== Segment start ==

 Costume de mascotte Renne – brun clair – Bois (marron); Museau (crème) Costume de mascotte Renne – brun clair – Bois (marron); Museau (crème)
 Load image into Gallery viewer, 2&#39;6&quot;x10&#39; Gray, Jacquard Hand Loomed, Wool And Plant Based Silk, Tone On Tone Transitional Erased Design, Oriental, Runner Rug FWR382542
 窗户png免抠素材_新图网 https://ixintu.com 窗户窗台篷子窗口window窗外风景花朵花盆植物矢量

== Segment end ==
== Segment start ==

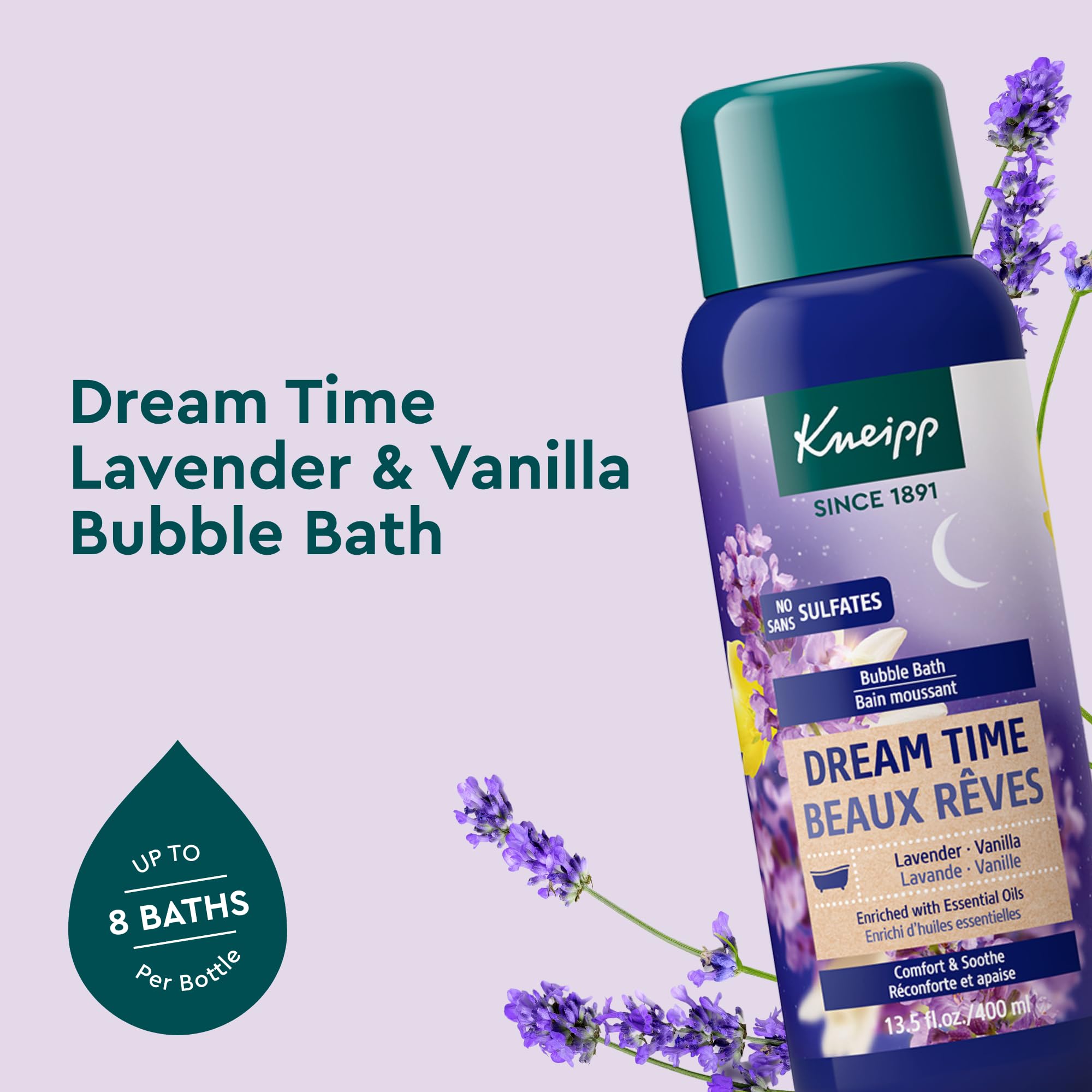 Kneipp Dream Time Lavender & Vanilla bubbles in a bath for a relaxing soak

== Segment end ==

Exercise brief:
Once you reach the line with "Museau (crème) Costume" in the data above, copy it and every line after it exactly, up to and including the line with "窗户png免抠素材_新图网 https://ixintu.com 窗户窗台篷子窗口window窗外风景花朵花盆植物矢量".

Response to this task:
 Costume de mascotte Renne – brun clair – Bois (marron); Museau (crème) Costume de mascotte Renne – brun clair – Bois (marron); Museau (crème)
 Load image into Gallery viewer, 2&#39;6&quot;x10&#39; Gray, Jacquard Hand Loomed, Wool And Plant Based Silk, Tone On Tone Transitional Erased Design, Oriental, Runner Rug FWR382542
 窗户png免抠素材_新图网 https://ixintu.com 窗户窗台篷子窗口window窗外风景花朵花盆植物矢量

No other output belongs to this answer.